Reuben Jackson of Big Think shared five ways that you can market your side hustle (we added a sixth tip for good measure), and comment with your thoughts and ideas on the subject:

  1. Referrals: Don’t Be Afraid to Ask!
    If you’re going to make a splash, you have to be willing to ask for favors. Reach out to your network and ask them to help spread the word on your new venture. This can be as simple as asking your friends to share a Facebook post with information that refers them to your page or website. Word of mouth is still important and incredibly effective.
  2. Start Where You Are
    Immediately running an expensive ad right out of the gate may not be the most effective use of your (likely) limited funds. Use the resources you do have to your advantage – especially if you’re just testing things out to see how the side hustle goes in the real world. You can do this by creating a simple, informational landing page for a small fee. Or, if you’re not looking to put any money into it right away, create an enticing email signature that explains what you do in a concise and eye-catching way. Check out these tools to create a kickin’ email signature.
  3. Gather Positive Reviews
    If you’ve performed a service or sold a product, ask your customers to write a review on the experience. Never underestimate how many potential customers read reviews before choosing where to spend their money, so this is an incredibly important asset.
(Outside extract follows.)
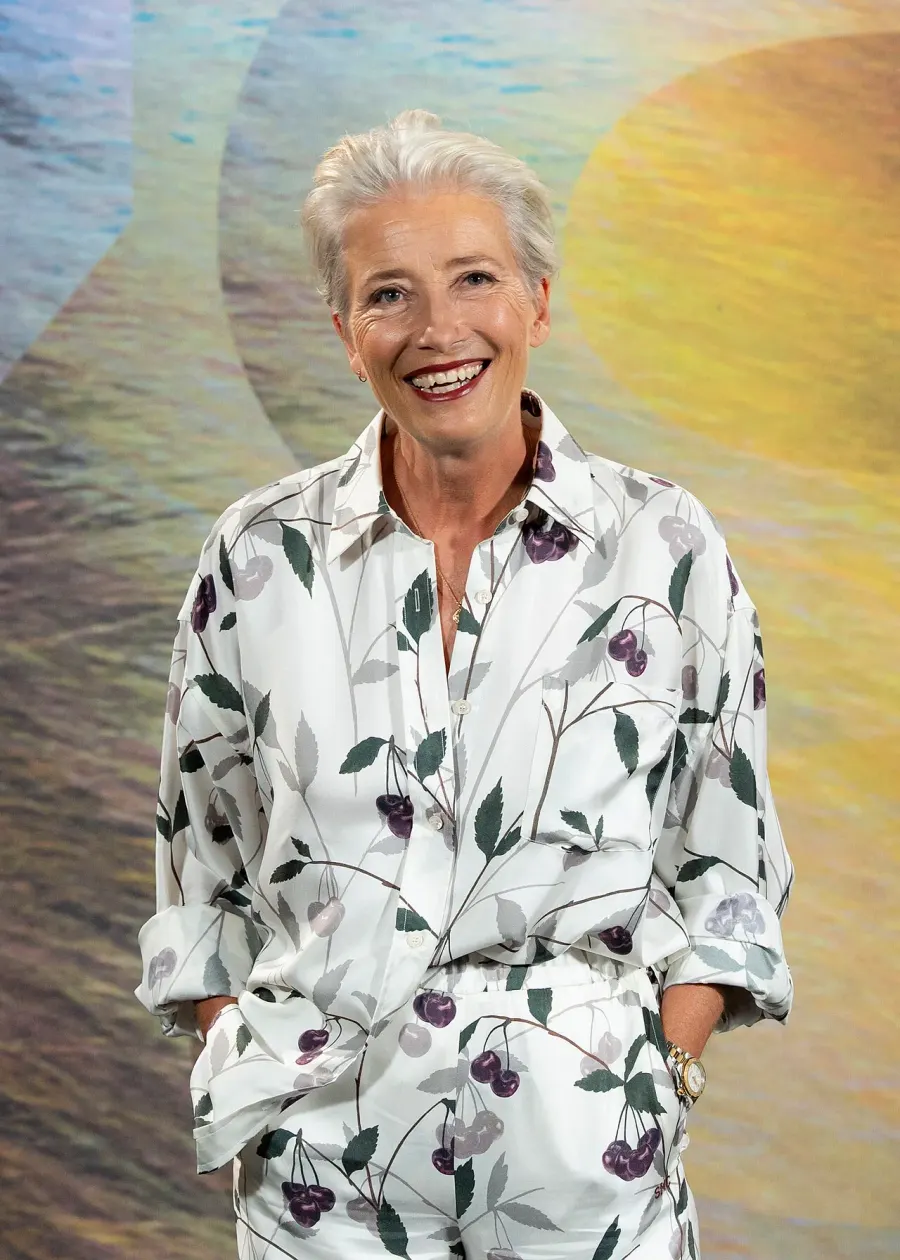 La carte Emma Thompson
Once a service is completed or a product is sold, send a thank you note to your customer and kindly ask them to write a review. Be sure to provide them with links to easily drop a line on Yelp or your company’s Facebook page.
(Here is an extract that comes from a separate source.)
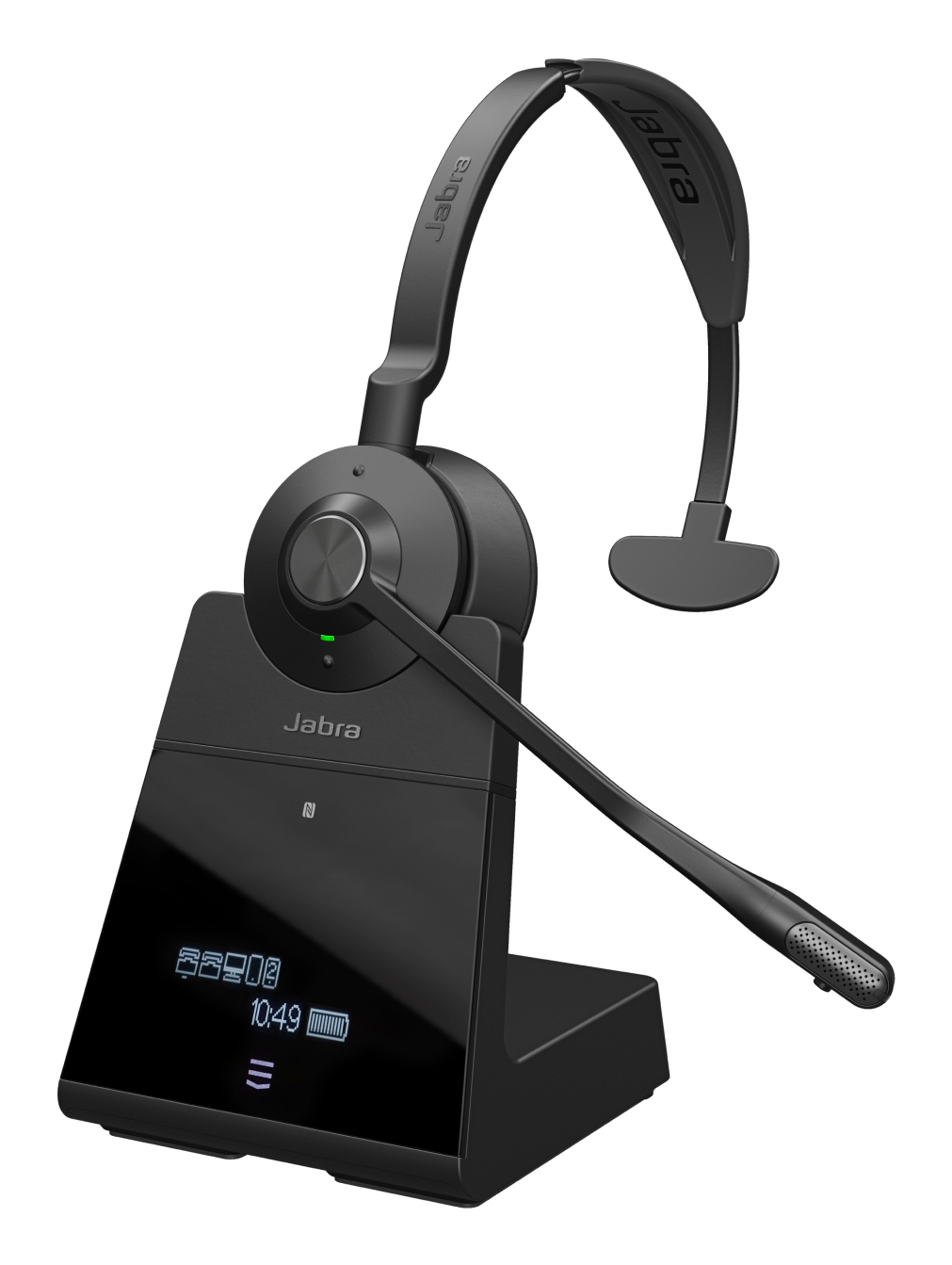 Jabra Engage 75 Mono Auriculares Inalámbrico Diadema 9556-583-111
  4. Be Strategic With Social
    It’s common to think that you have to have a presence on all channels right away. Start smaller. Think about your demographic and do some research on which platforms reach that demographic most effectively. From there, put your time and energy into building a presence on one or two channels. Post consistently and engage with followers. After you’ve developed a solid following, you can then expand to other platforms.
  5. Give Paid Marketing A Shot
    Once you’ve made a dollar or two, try experimenting with some Facebook or Twitter ads. They’re relatively cheap to run and can attract people you may not have otherwise had a chance to reach out to. Again, the key is to start small and don’t get discouraged if these don’t have people knocking your door down; it may take trial and error to create the perfect ad for your hustle.
  6. Go Local
    Local newspapers and magazines are always looking for news on what local residents are doing. Send an email to your town/city’s journal or local Patch affiliate. Let them know what you’re up to, offer yourself for an interview, and give enticing information. The key is doing this in a way that your hustle is seen as beneficial to the public, and is not just an ad.